Fourth Quarter and Full Year 2001 Results, Conference Call & Webcast

PW Eagle expects to announce its fourth quarter and full year 2001 financial results on March 4, 2002 after the market has closed. The Company will hold its fourth quarter and full year 2001 webcast and conference call on Wednesday, March 6, 2002 at 11 a.m. Central Time to discuss the fourth quarter and full year results. The conference call will also be available live on the Internet at www.pweagleinc.com. The call will be archived at that website for one week following its original webcast. The conference telephone number is (800) 946-0705, use 464267 as the confirmation code to access the call.

PW Eagle, Inc. is a leading extruder of PVC pipe and polyethylene tubing products. The Company operates eight manufacturing facilities in the midwestern and western United States. PW Eagle’s common stock is traded on the Nasdaq National Market under the symbol “PWEI.”
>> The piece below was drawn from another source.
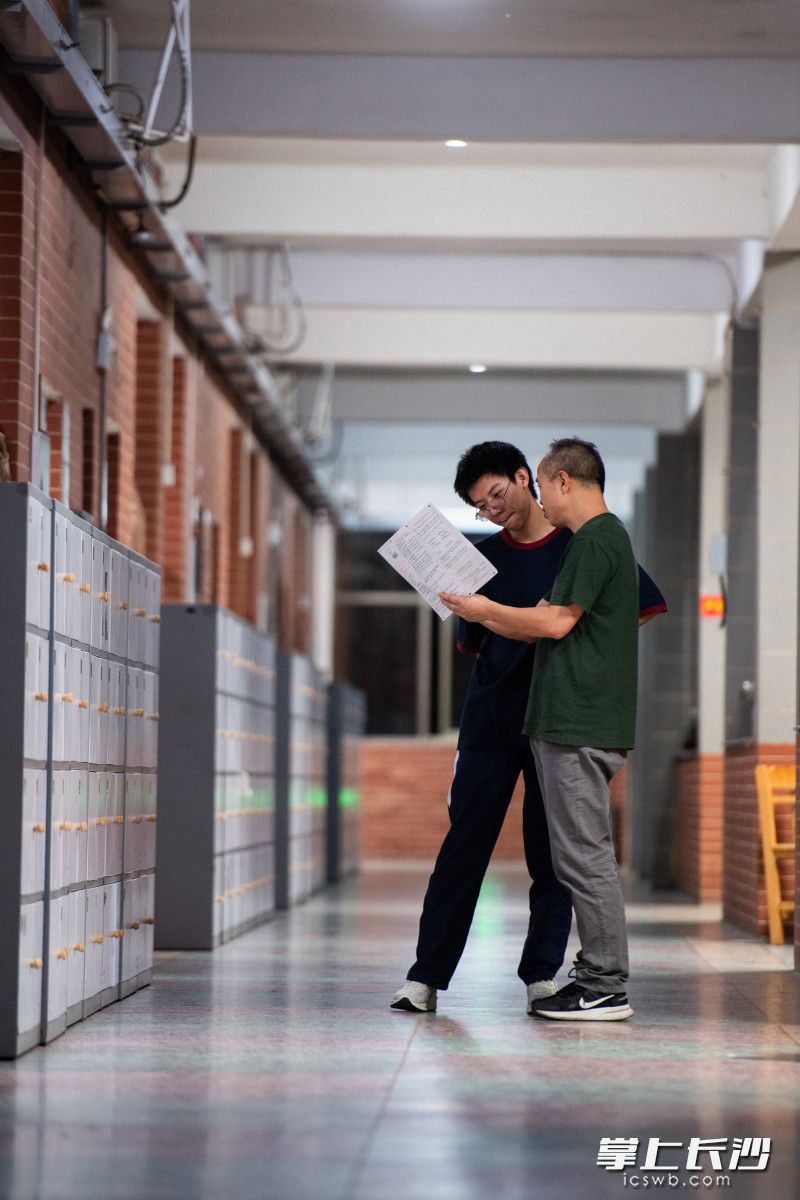 5月29日晚，长沙明德中学，任课老师罗召庆在走廊上为学生解答问题。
Statements that PW Eagle, Inc. may publish, including those in this announcement that are not strictly historical are “forward looking” statements made under the safe harbor provisions of the Private Securities Litigation Reform Act of 1995. Statements made in this press release, including those made by William H. Spell, regarding the Company’s belief that the transactions have reduced the Company’s fixed charges to a level where it will be able to meet its fixed charges even if the unfavorable economic conditions that it faced in 2001 continued indefinitely is a "forward looking" statement which involves known and unknown risks and uncertainties that may cause the actual results to differ materially from those expected and stated in this announcement. Actual results could differ if the Company was required to operate in the unfavorable economic conditions that existed in the first six months of 2001 for a full fiscal year. In addition, actual results could differ as a result of: (i) a further slowdown in the United States economy, particularly west of the Mississippi; (ii) the failure of the Gross Domestic Product to grow beyond its 2001 level; (iii) an increase in interest rates; (iv) a decline in the construction of commercial and residential building; (v) a decline in our raw material prices; and (vi) a greater supply of PVC and PE pipe than market demand for such products caused by cyclical fluctuations in the supply and demand for pipe. It is not possible to foresee or identify all factors that could cause actual results to differ from expected or historical results. As such, you should not consider any list of such factors to be an exhaustive statement of all risks, uncertainties or potential inaccurate assumptions. We undertake no obligation to update “forward-looking” statements.